The spend rate calculation deserves a closer look:

private def spendRate(obs: Observation): Double = {
  if (obs.dailyBudget <= 0 || obs.timeRemaining >= 1.0) return 1.0
  val elapsed = 1.0 - obs.timeRemaining
  if (elapsed <= 0) return 1.0
  val expectedSpend = obs.dailyBudget * elapsed
  if (expectedSpend <= 0) return 1.0
  val actualSpend = obs.dailyBudget - obs.budgetRemaining
  math.min(3.0, actualSpend / expectedSpend) // cap at 3x overspend
}

If 40% of the day has passed and we have spent 40% of the budget, the spend rate is 1.0 – perfectly on pace. If we have spent 60% of the budget in that same time, the rate is 1.5 – we are overspending. This single number gives the agent a strong signal about whether it should bid more or less aggressively.

The reward: what the agent optimizes for

private def computeReward(obs: Observation): Double = {
  val clickReward = windowClicks.toDouble

  val rate = spendRate(obs)
  val overspendPenalty =
    if (rate > 1.5) config.overspendPenalty * (rate - 1.5) else 0.0

  val exhaustionPenalty =
    if (obs.budgetRemaining <= 0 && obs.timeRemaining > 0.1)
      config.exhaustionPenalty
    else 0.0

  clickReward - overspendPenalty - exhaustionPenalty
}

The reward is simple: clicks minus penalties. The agent gets +1 for each click in the window. But two things reduce the reward:

Overspend penalty. If the spend rate exceeds 1.5x (spending 50% faster than ideal), a penalty kicks in proportional to how far over 1.5 it is. With overspendPenalty = 2.0, a spend rate of 2.5 costs a penalty of 2.0 * (2.5 - 1.5) = 2.0 – equivalent to losing 2 clicks worth of reward.
Exhaustion penalty. If the budget hits zero while more than 10% of the day remains, a flat penalty of 5.0 is applied. Running out of budget at 3pm when ads should run until midnight is a serious failure; this penalty makes sure the agent learns to avoid it.
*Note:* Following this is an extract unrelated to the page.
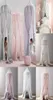 New Modern Hung Dome Princess Girl Bed Valance Chiffon Canopy Mosquito Net Child Play Tent Curtains for Baby Room3507127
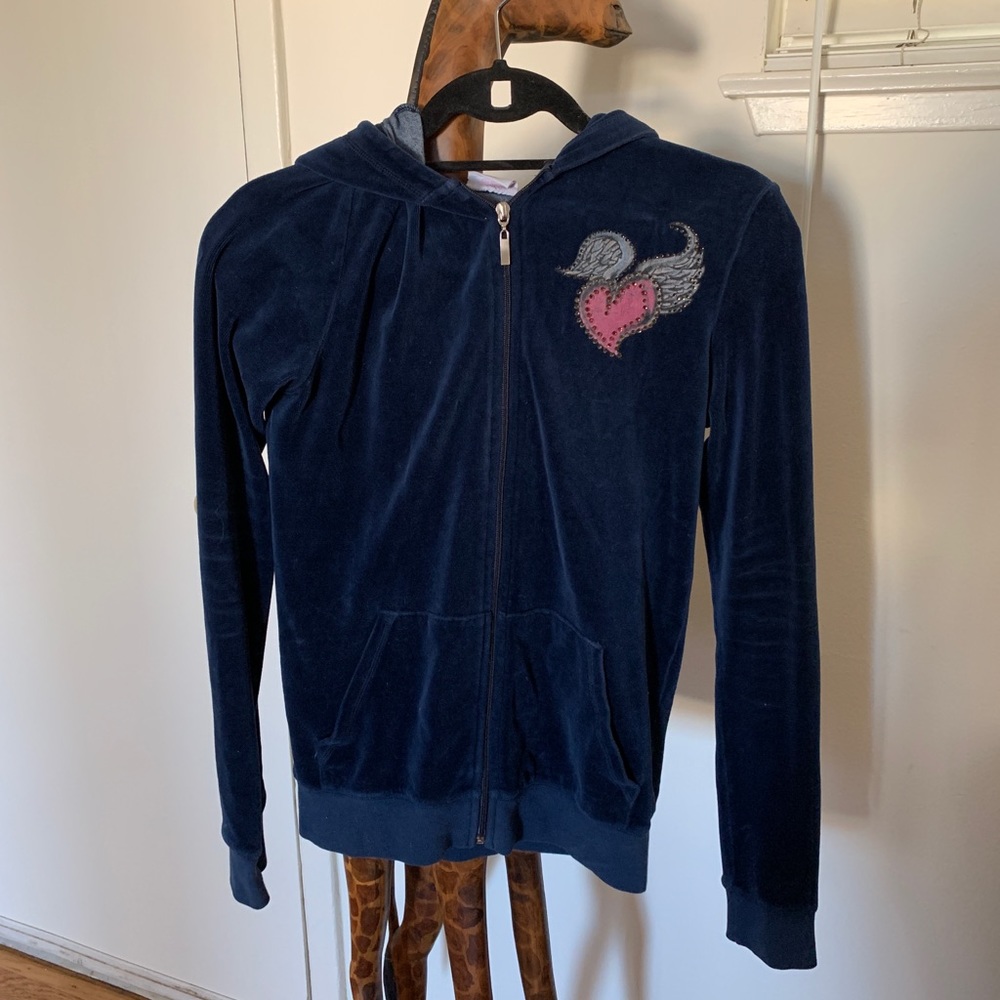 Vintage Track Sweater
The combination encourages the agent to maximize clicks while spending at a sustainable pace throughout the day.

The observation loop

Here is the core method, called every 15 minutes:

def observe(obs: Observation): (Double, Option[Double]) = {
  val state = toState(obs)

  // If we have a previous state, store the transition and learn
  val loss = prevState match {
    case Some(ps) =>
      val reward = computeReward(obs)
      dayRewardSum += reward
      val done = obs.budgetRemaining <= 0 || obs.timeRemaining <= 0
      dqn.store(ps, prevAction.get, reward, state, done)
      dqn.trainStep()

    case None => None
  }
  dayObservations += 1

  // Select next action
  val action =
    if (config.inferenceOnly) dqn.selectGreedy(state)
    else dqn.selectAction(state)

  // Apply action: adjust multiplier
  val adjustment = config.dqnConfig.multiplierForAction(action)
  _bidMultiplier = math.max(
    config.minMultiplier,
    math.min(config.maxMultiplier, _bidMultiplier * adjustment)
  )

  // Save state for next observation
  prevObservation = Some(obs)
  prevState = Some(state)
  prevAction = Some(action)

  // Reset window counters
  windowImpressions = 0
  windowClicks = 0
  windowSpend = 0.0
  windowBidOpportunities = 0
  windowWins = 0

  (_bidMultiplier, loss)
}

Let’s trace through what happens on each call, step by step.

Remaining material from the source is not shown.